_EXERCISE DATA_
• • •
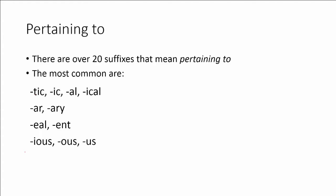The best way to learn these is to make flashcards because it is strictly memorization for you to remember the suffixes that mean pertaining to.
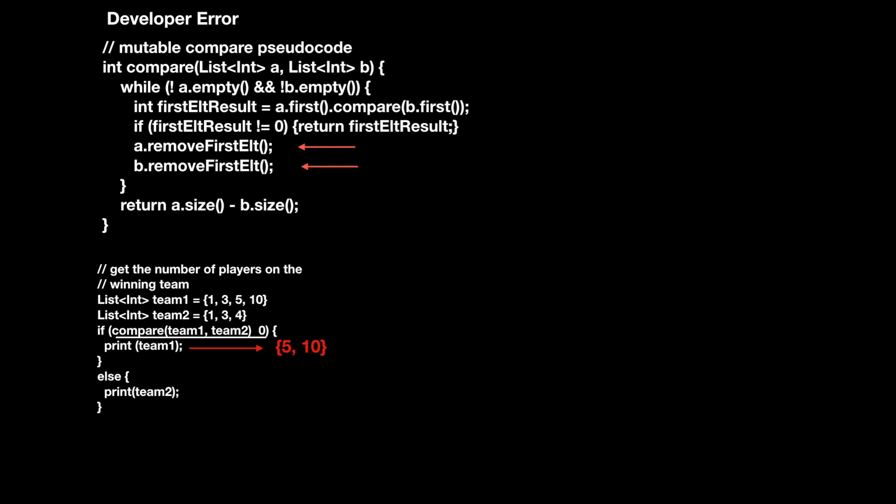This gets even worse when compare is used somewhere deep in your call stack. If you try to use this method as the comparator for a sorting algorithm, the entire sort will just return garbage. What's worse, it'll be flaky and unreliable. If lists generally have different first elements, this will work most of the time, but as soon as you put in a different input, it'll return something completely nonsensical.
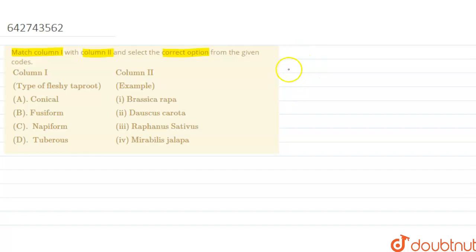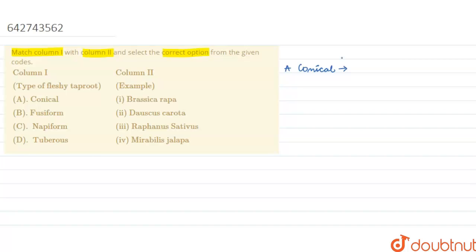First we'll be talking about the first type, that is conical. In conical it resembles like a cone, that is thickest towards the base and gradually tapering at the apex. And the example for this is Daucus carota, and always underline the scientific name if you are handwriting it.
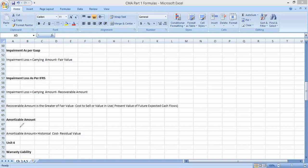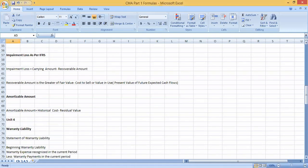The recoverable amount is the greater of: fair value minus cost to sell, or value in use — whichever is higher is the recoverable amount. Value in use is the present value of future expected cash flows. After that, the amortizable amount for intangible assets is similar to the depreciable amount. You can use the same depreciation formulas already discussed for calculating amortization — there is nothing new to memorize.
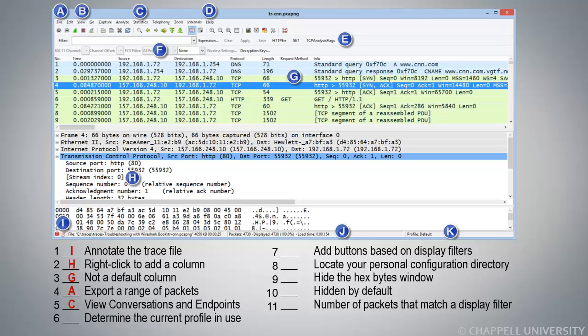Number 6, Determine the Current Profile in Use. This is a pretty easy one. K, bottom right-hand corner, it says Profile Default.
• • •
In your copy, the listing above should appear word for word, with no images.

_RESPONSE_
The best way to learn these is to make flashcards because it is strictly memorization for you to remember the suffixes that mean pertaining to.
This gets even worse when compare is used somewhere deep in your call stack. If you try to use this method as the comparator for a sorting algorithm, the entire sort will just return garbage. What's worse, it'll be flaky and unreliable. If lists generally have different first elements, this will work most of the time, but as soon as you put in a different input, it'll return something completely nonsensical.
First we'll be talking about the first type, that is conical. In conical it resembles like a cone, that is thickest towards the base and gradually tapering at the apex. And the example for this is Daucus carota, and always underline the scientific name if you are handwriting it.
The recoverable amount is the greater of: fair value minus cost to sell, or value in use — whichever is higher is the recoverable amount. Value in use is the present value of future expected cash flows. After that, the amortizable amount for intangible assets is similar to the depreciable amount. You can use the same depreciation formulas already discussed for calculating amortization — there is nothing new to memorize.
Number 6, Determine the Current Profile in Use. This is a pretty easy one. K, bottom right-hand corner, it says Profile Default.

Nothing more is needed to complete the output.